What’s it about? Jack Burton is a simple truck driver who gets pulled into a battle with an ancient sorcerer Lo Pan when his friend’s girlfriend is kidnapped by Lo Pan’s cronies – her green eyes the key to the sorcerer’s desires. Jack must take on evil forces, both supernatural and otherwise, against the backdrop of Chinatown in order to rescue the girl, but it’s not easy when your opponent is immortal.
Verdict: From the moment early on when Jack Burton (Kurt Russell) rides into San Francisco’s Chinatown in his huge truck, the stage is set for a modern day John Carpenter take on the classic western. Burton wears a cap, sunglasses and the facial hair of Indiana Jones; with his friend/sidekick, Wang, he must navigate the dark and mysterious underworld of Chinatown. Carpenter as you’d expect wields his considerable talent in the special effects department and borrows from Kung Fu movie history, however things are nowhere near as straightforward as any Kung Fu movie you’ve seen before.

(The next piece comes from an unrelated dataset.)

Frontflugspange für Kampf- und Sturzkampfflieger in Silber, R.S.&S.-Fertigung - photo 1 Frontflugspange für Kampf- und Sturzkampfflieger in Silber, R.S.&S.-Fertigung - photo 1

The pair’s troubles start when they go to meet Wang’s girlfriend who’s flying in from China. At the airport we also meet Gracie (Kim Cattrall) before Wang’s girlfriend is kidnapped by a gang from Chinatown and the chase begins. Past that there is little point in trying to explain what is going on, as the plot skates between fight scenes, chases and rescue missions, the good vs evil battle is waged and Burton and Wang try to save Wang’s girlfriend from the clutches of the ageless immortal wizard Lo Pan. You never really feel that our heroes are in any real danger though which would be problematic if this were a straight-up action movie, but it’s not. There is enough weirdness, light-heartedness and adventure to sustain it until the end.
What is often overlooked or misunderstood about Big Trouble in Little China is that the film is essentially a comedy. Despite the non-stop action, other worldliness and romance elements, it is supposed to make you laugh. And this is where it divides people, if you don’t like the first corny gag then you probably won’t like any of them and there flies out of the window one of its saving graces, because the movie certainly isn’t without its flaws. While being well acted by Kurt Russell, his character without the humour may come off as annoying and difficult to care about. Every Chinese cliché in the book is played out, and after the first half an hour or so the plot is a mess, albeit a beautiful mess.
Final Words: While Big Trouble in Little China is rife with problems, it’s a film which is very easy to love. The busy and messy plot manages to hold your attention and the bordering-on-camp comedy and one-liners provide the relief. This combined with a great cast on form and everything that John Carpenter brings to the table makes Big Trouble in Little China the most fun-filled movie the director ever made.
Extras: A wide range of extras are included on the Blu-ray: TV Spots, the soundtrack, interviews and an extended ending are all good additions. Director John Carpenter and star man Kurt Russell provide the audio commentary which plays out more like a pair of old fiends reminiscing.
Big Trouble in Little China is out on Blu-ray and limited edition Steelbook on 16 December 2013.